The spiders were amazing. There were hundreds of long-legged ones in residence on the outside of the dome. I suppose they like the texture. They got all excited when we made the fire, just from the activity of humans nearby, but they couldn't really figure out what to do. So for a while the dome was host to a milling crowd of excited arachnids. I don't mind spiders in the slightest, so I was quite entranced by the spider rave.

So far the dome hasn't exploded into dozens of super-heated fragments of hardened clay. Which is nice.

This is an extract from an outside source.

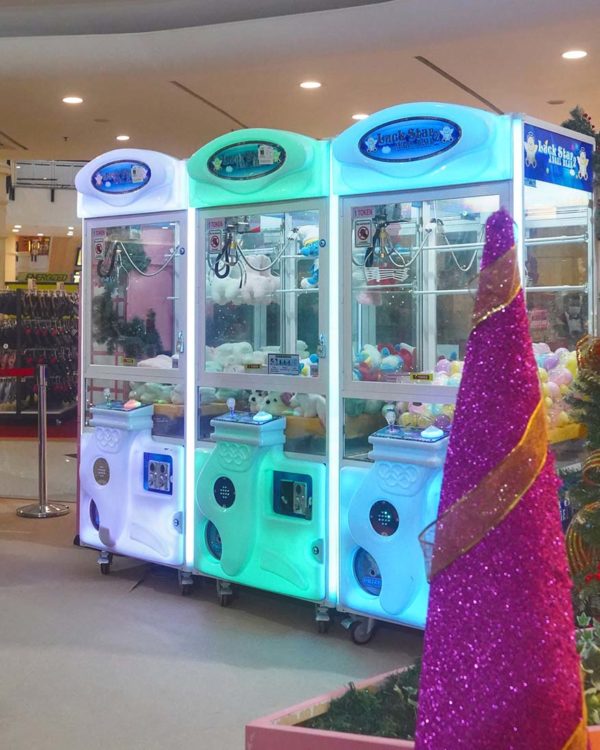 the mines shopping mall seri kembangan christmas campaign claw machine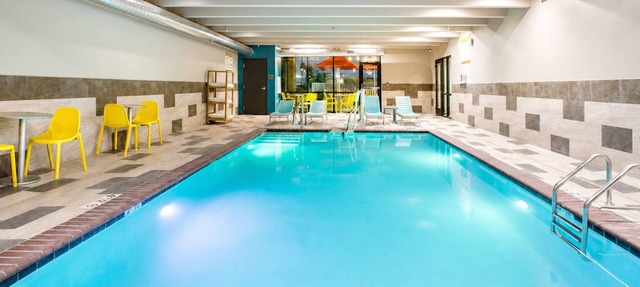 4 Convenient Units Near Spring River Zoo. Indoor Pool, FREE Breakfast! in Roswell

I'm currently looking for an old pre-digital-age TV satellite dish, a 6-foot diameter one. My plan is to use it to build a roof over the oven, mounting it dome up on vertical posts and then planting it with a living roof. All the pictures I've seen of lean-to or peaked roofs look completely incongruous with the round, organic shape of cob ovens. I think a round, grass-covered roof will look nicely hobbit-like.


  1. wow i love the idea for a roof! been wondering what sort of roof you had planned. i hope you find your satellite dish and post lots of pictures!

  2. Anonymous5:27 p.m.

    hey...bug already said it! Great roof idea... and the arachnirave!


  3. Anonymous1:44 p.m.

    Hi Miranda,

    It is great the oven you built. As I look to it now, I remember my parents' oven: in Transylvania.

    It always had a small whole at the rear end, such that was cut out while the whole mud thing was soft. It was just about the size of a fist. This was burned and hardened, but made sure that it would come out when the fire was going on. This was also used to let cold air in if the oven was overheated.

    I do not believe that yours is still soft enough to make such an operation, without damaging the whole.

    That hole helped the oven to have less smoke at the front.

    I long to build one myself.


  4. That sounds like a perfect idea for the roof!

  5. Sara, the second firing was hotter and smoke wasn't really a problem, thank goodness. We had read a lot about door height, chimneys and damper inlets and decided that our basic design would be fine. Happy to be vindicated once we got a really hot fire going ... because it wouldn't have been easy to cut an intake into the dome at this point!